• _Brief_: Write the data below out exactly as it stands. Do not include the pictures.

• _Input material_:

------

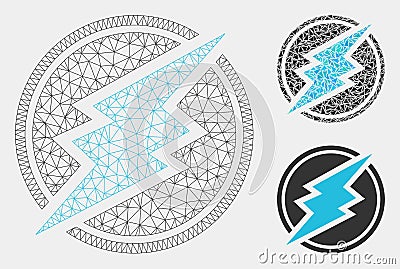 Electroneum Vector Mesh Network Model and Triangle Mosaic Icon Vector Illustration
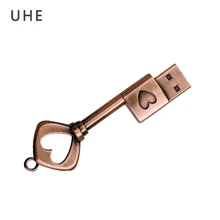 USB флеш-накопитель 64 ГБ, 32 ГБ, 16 ГБ, 8 ГБ, 4 Гб, карта памяти, металлический флеш-накопитель, сердечный ключ, u-диск, креативный подарок, usb флешка, флешка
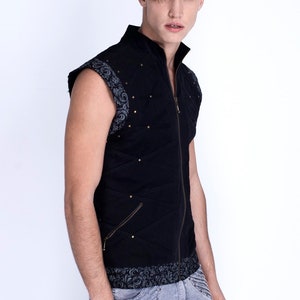 Men Pirate Vest, Steampunk Vest, Cyberpunk Vest, Festival Vest, Psychedelic Clothing, Cybergoth Vest, Black Vest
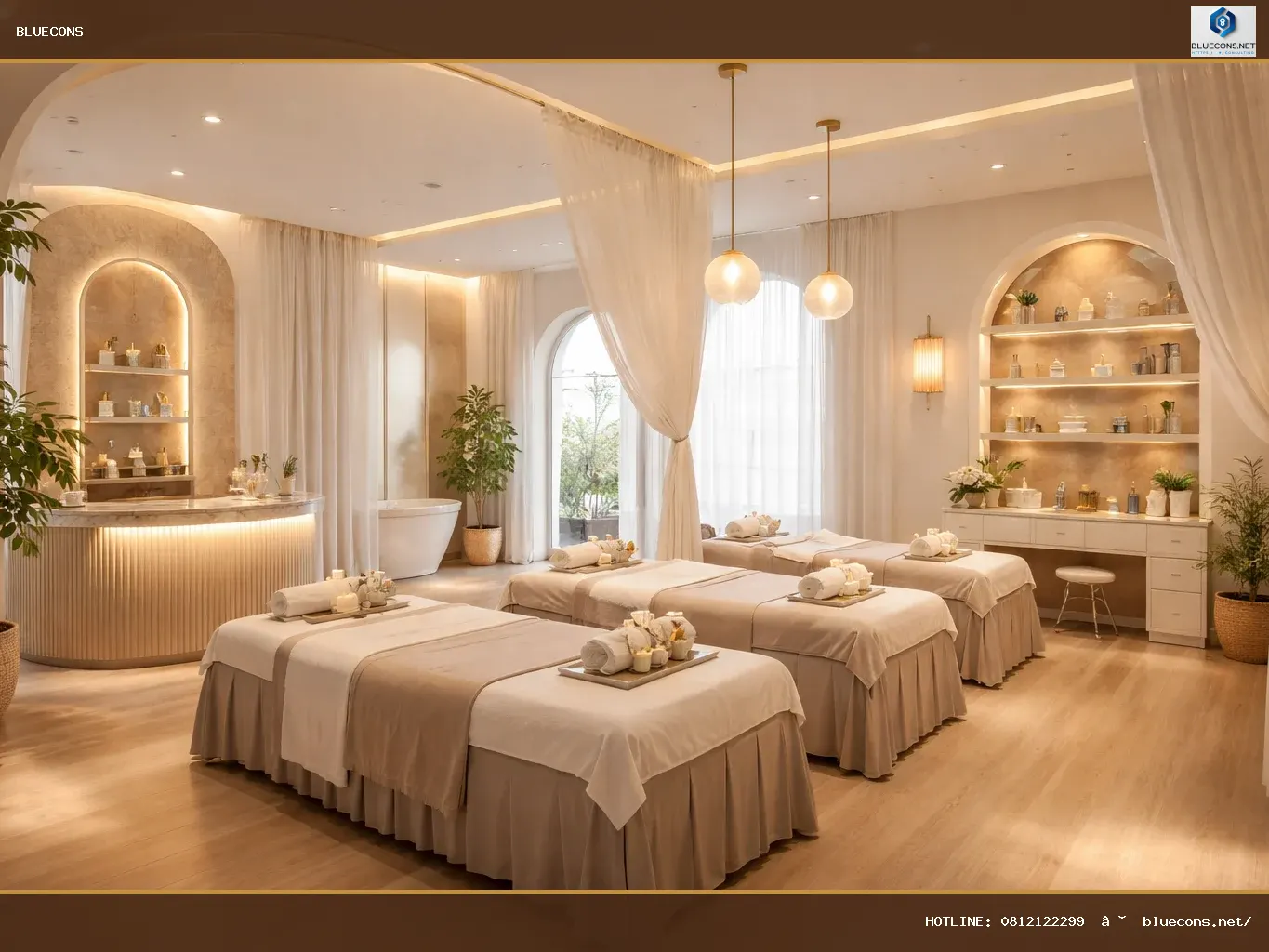 Báo giá thiết kế nội thất spa, thẩm mỹ viện – ảnh minh họa Bluecons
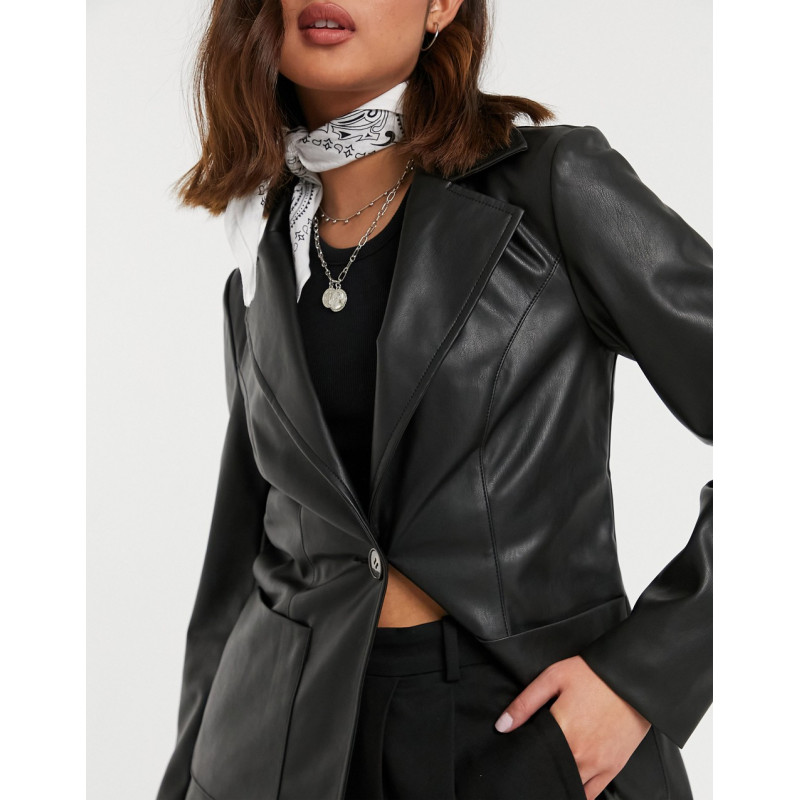 Topshop faux leather blazer...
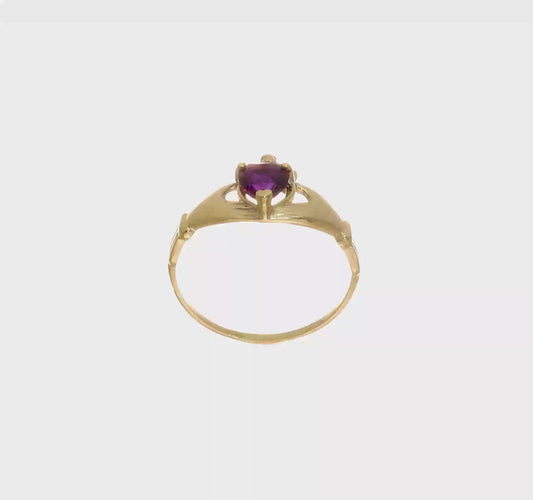 10kt Yellow Gold CZ February Birthstone Claddagh Heart Ring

------

• _Your response_:
 Electroneum Vector Mesh Network Model and Triangle Mosaic Icon Vector Illustration
 USB флеш-накопитель 64 ГБ, 32 ГБ, 16 ГБ, 8 ГБ, 4 Гб, карта памяти, металлический флеш-накопитель, сердечный ключ, u-диск, креативный подарок, usb флешка, флешка
 Men Pirate Vest, Steampunk Vest, Cyberpunk Vest, Festival Vest, Psychedelic Clothing, Cybergoth Vest, Black Vest
 Báo giá thiết kế nội thất spa, thẩm mỹ viện – ảnh minh họa Bluecons
 Topshop faux leather blazer...
 10kt Yellow Gold CZ February Birthstone Claddagh Heart Ring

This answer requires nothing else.